巨人が5年ぶりのリーグVへ着々と歩を進めている。15日は本拠地・東京ドームで阪神タイガースを相手にアレックス・ゲレーロ外野手の2ランが終盤に爆発し、鮮やかな逆転勝ち。リーグ優勝へのマジックナンバーを「5」に減らし、歓喜の美酒に浸る日が刻一刻と近づきつつある。16日から残り10試合。ラストスパートをかけて、とにかく早くVを決めたいところだろう。
だが、その一方でチームにとって非常に気がかりな難題が生じている。エースの菅野智之投手が〝ダッチロール〟を繰り返していることだ。この日の阪神戦で先発マウンドに立ったものの、4回6安打4失点で途中降板。腰痛による登録抹消からの復帰登板だったが、試合を作れず自ら交代を願い出たという。
責任感の強い菅野が珍しく首脳陣に交代を直訴したというのだから、コンディションに異常が生じていることは明らかだ。16日中に再び登録抹消となる可能性もあり、コンディションが万全な状態にならなければ今季公式戦での一軍登板は回避することになるかもしれない。
ルーキーイヤー以来となる防御率3点台
今季の菅野は誰が見ても本調子とは程遠い。腰痛による戦線離脱も、ここまで2度繰り返している。11勝を飾っているとはいえ、22試合に登板して防御率3・89の成績は「無双投手」と呼ばれる菅野にしてみれば明らかに物足りない。

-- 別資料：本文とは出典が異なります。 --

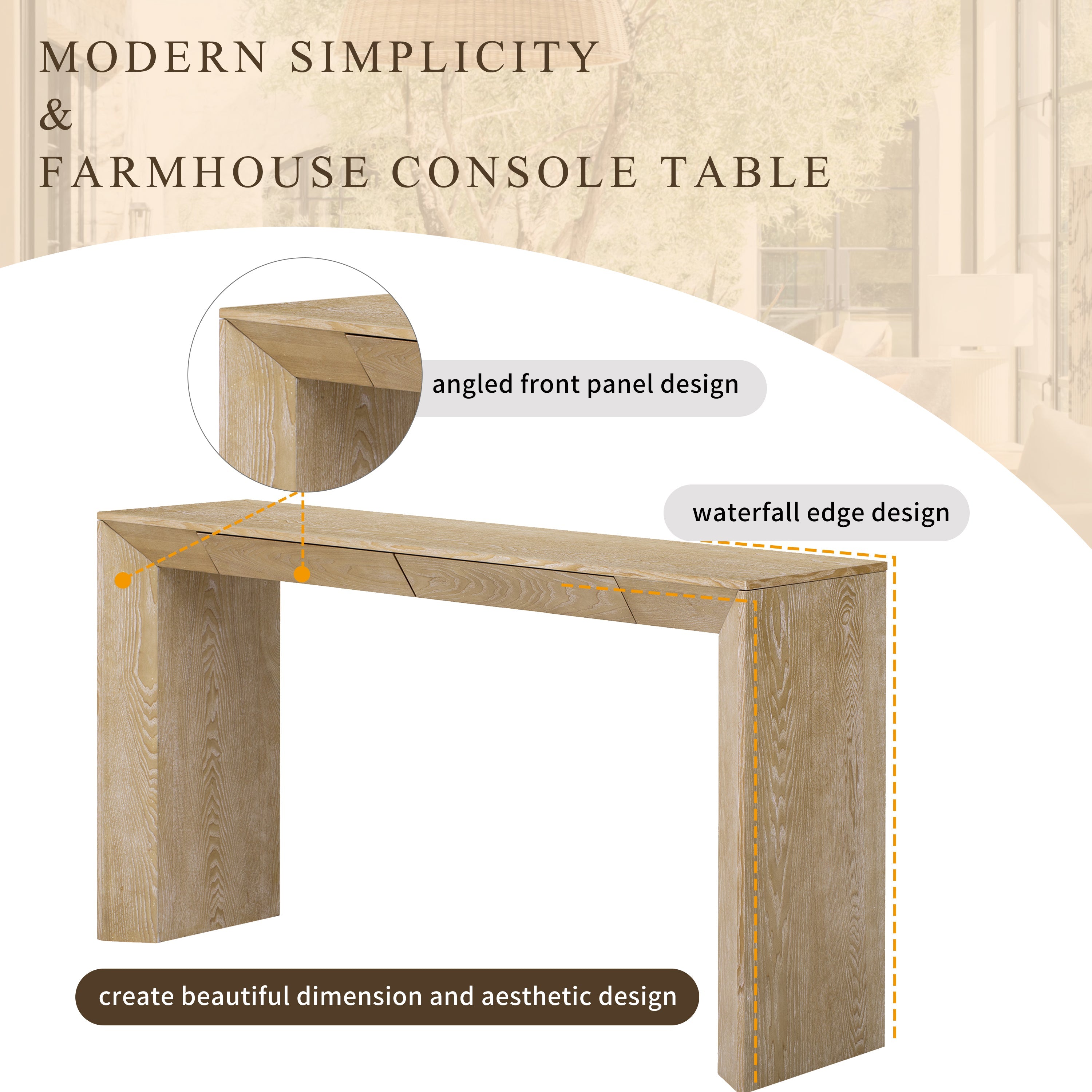 TREXM 60' Modern Farmhouse Console Table with 2 Concealed Drawers, Waterfall Design Entryway Table with Thickened Legs & Rustic Wood Grain for Living Room, Entryway & Hallway (Natural)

このままならばルーキーイヤーの2013年以来となる防御率3点台は確実で同年の3・12よりも上回り、自己ワーストとなりそうな気配である。昨季、史上5人目となる2年連続の沢村賞受賞を果たしたのが、まるで蜃気楼のようだ。
無意識のうちに腰をかばっているせいなのだろうか。多くの有識者が指摘する通り、今季の菅野は上体だけで投げているシーンが時折見受けられる。ボールに球威がなく、いわゆる〝置きに行く投球〟で痛打されることも珍しくない。コンディションを完全回復させないまま騙しだましでマウンドに立っているような印象も受ける。